The new union says bosses are retaliating. Leadership says workers are creating 'false narratives.'

Facebook: MN350

MN350, a progressive climate advocacy organization, trumpeted the January unveiling of the People’s Climate & Equity Plan, a localized version of the Green New Deal it helped draft with like-minded orgs. The press release announcing it references "union apprenticeships," "higher-paying union jobs," and "access [to] union careers.” 

Unsurprisingly, the 12-year-old Minneapolis nonprofit is the type of place that attracts workers with favorable views of the labor movement. “We see ourselves as a community-led and volunteer-powered climate justice group, with an explicitly pro-union organizing posture,” says Andy Pearson, a nine-year MN350 vet who specializes in pipeline resistance. 

This past spring, union activity began bubbling inside the offices of MN350. Talks began in April with Workers United, an affiliate of Service Employees International Union, and 10 out of 10 staffers had signed union cards by June. The next step—presenting your union to the bosses—tends to work two ways: voluntary recognition, which sidesteps surplus rigmarole, or, failing that, scheduling an election to be overseen by the National Labor Relations Board.

MN350 leadership opted to recognize its unionizing workforce, but instead of clearing the runway for contract negotiations, things reportedly got messy. Fast. 

“That voluntary recognition has yet to be affirmed to the NLRB; our leadership is withholding that affirmation,” Pearson says. “We’re very confused by it and, of course, we’re frustrated.”

Pearson says signs of acrimony appeared within days of the union reveal, alleging that management asked for concessions like: waiving the right to file objections with the NLRB, waiving the right to strike, and even waiving the right to talk publicly about the union with supporters. “Over the last year staff has been told they’ll be fired or disciplined if they communicate with our board of directors,” he says.

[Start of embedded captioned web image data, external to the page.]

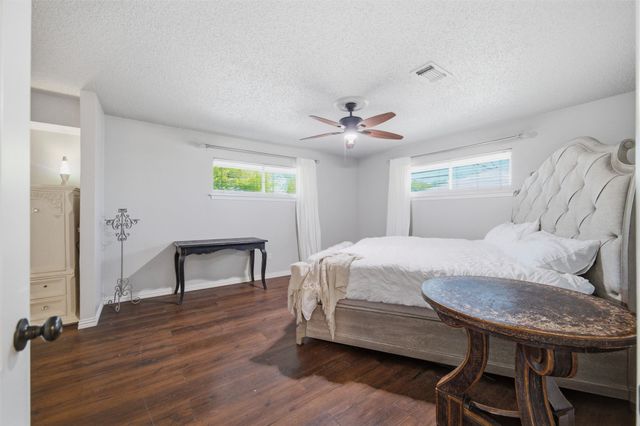 409 E Scotland Drive, Irving, TX 75062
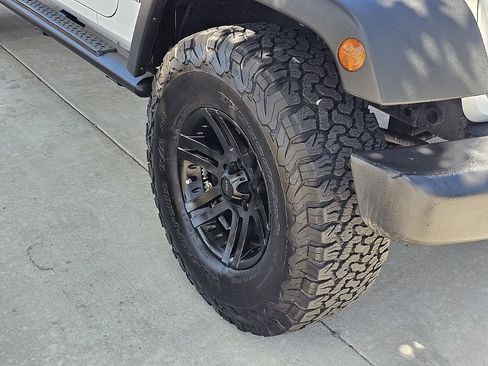 Used 2015 Jeep Wrangler Unlimited Sport w/ Quick Order Package 24S AWD/4WD image 6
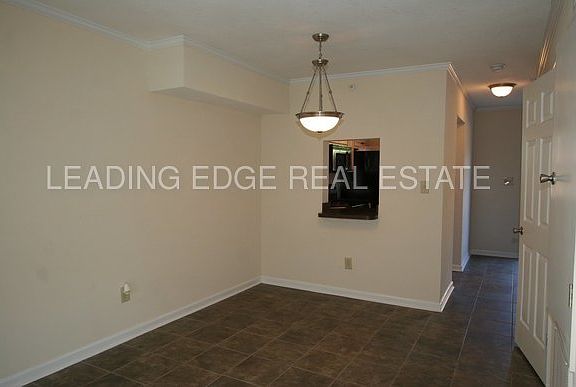 4th image of 2642 Coventry Dr #C
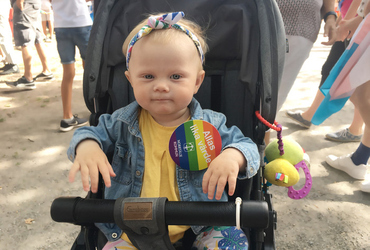 Barn på praideparad.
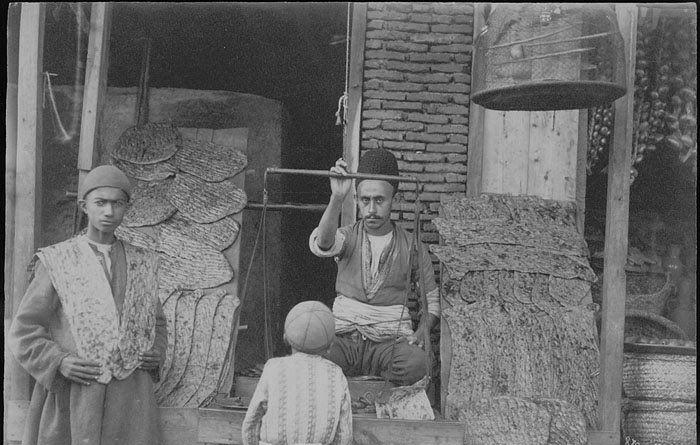 نانوایی سنگکی و بربری در تهران 120 سال پیش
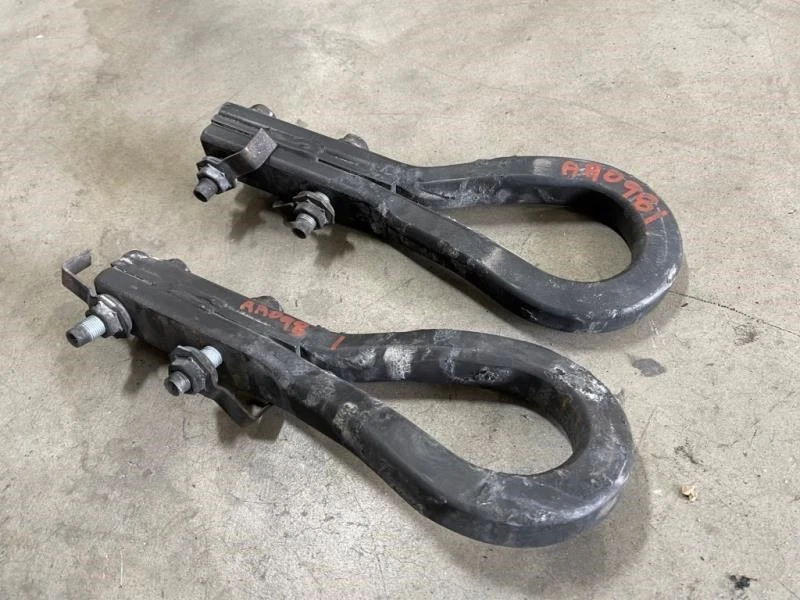 Dodge Ram 5500 2019 6,7 L 4x4 cabina/chass usado par de ganchos de remolque delanteros izquierdo derecho Foto 4 de 4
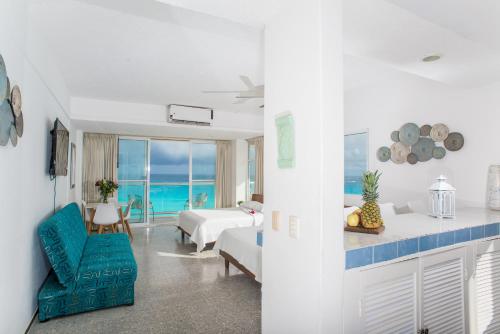 Amazing OceanViews Beachfrt Condo Walk to Eat, Drink, Play, Cancún (Foto 10)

Then, on August 1, MN350 slapped Pearson with a formal disciplinary warning and, that same day, terminated Nancy Beaulieu, a MN350 organizer who has worked on treaty rights for the past six years. Pearson says he can’t get into specifics, but he describes both actions as “bogus” and “clearly related to union activity.” (Beaulieu agrees with that characterization.)

In response to the union’s airing of that turmoil, the Giniw Collective, an Indigenous women/two-spirit-led environmental justice org founded by tribal attorney and MN350 board member Tara Houska, publicly accused Pearson of “racist, tokenizing, underhanded patterns of engaging the frontline communities & BIPOC folks.” (Beaulieu, a citizen of the Leech Lake Band of Ojibwe, strongly disagrees with that characterization.) 

Theresa “Tee” McClenty, MN350’s newish executive director, tells Racket that there’s “a false narrative circulating about the board and me regarding unionization.” She reiterated her support of the union, adding that Pearson and Beaulieu were “not disciplined due to unionization at all,” though she declined to elaborate due to confidentiality concerns. “I still value the power of unions but not when they create false narratives,” she adds. Speaking generally, McClenty reports that “yes, absolutely I've experienced [racism] and continue to” as a Black woman in the workplace.

“There’s no false narrative; there’s animosity and retaliation for our union efforts,” Beaulieu counters. Her union has filed a complaint with the NLRB, and is “urgently” seeking the reinstatement of Beaulieu, the expungement of Pearson’s disciplinary writeup, and “a full investigation into internal working conditions at MN350,” Pearson says. 

Meanwhile, Beaulieu says the treaty-rights campaign she helmed since 2017 has been mothballed: “We’ve worked for over five years, and we’re winning… now everything I worked for is gone now.” 

“All we’re asking for is fair discipline, and an environment where we feel safe, heard, and part of the big decisions,” Beaulieu continues. “We’re the ones with our boots on the ground; we built MN350, and ya know what? We’re a movement, not a corporation—we need a leader, not a boss. I know we’re going to win.”